## WHAT IS EXPECTED
Go to the line that contains "LA TRIBUNE.FR (23/11/2015)" and extract it along with every line after it, exactly, through the end of the data below.

[Scraped caption text data]
● ● ● ●
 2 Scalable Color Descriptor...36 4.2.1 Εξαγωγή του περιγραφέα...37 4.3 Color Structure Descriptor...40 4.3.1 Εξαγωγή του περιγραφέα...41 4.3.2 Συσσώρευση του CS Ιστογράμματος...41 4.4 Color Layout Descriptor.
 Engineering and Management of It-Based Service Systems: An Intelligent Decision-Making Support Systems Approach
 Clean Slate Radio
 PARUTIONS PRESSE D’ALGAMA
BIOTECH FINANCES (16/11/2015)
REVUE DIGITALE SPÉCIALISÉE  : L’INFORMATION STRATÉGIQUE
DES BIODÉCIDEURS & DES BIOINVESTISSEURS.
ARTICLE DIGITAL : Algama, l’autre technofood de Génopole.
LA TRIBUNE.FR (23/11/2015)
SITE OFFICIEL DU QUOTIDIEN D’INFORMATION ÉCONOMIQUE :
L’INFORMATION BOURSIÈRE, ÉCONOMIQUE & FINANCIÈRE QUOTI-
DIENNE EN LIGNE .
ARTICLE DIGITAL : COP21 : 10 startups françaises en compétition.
● ● ● ●
## SOLUTION FOR THIS TASK
LA TRIBUNE.FR (23/11/2015)
SITE OFFICIEL DU QUOTIDIEN D’INFORMATION ÉCONOMIQUE :
L’INFORMATION BOURSIÈRE, ÉCONOMIQUE & FINANCIÈRE QUOTI-
DIENNE EN LIGNE .
ARTICLE DIGITAL : COP21 : 10 startups françaises en compétition.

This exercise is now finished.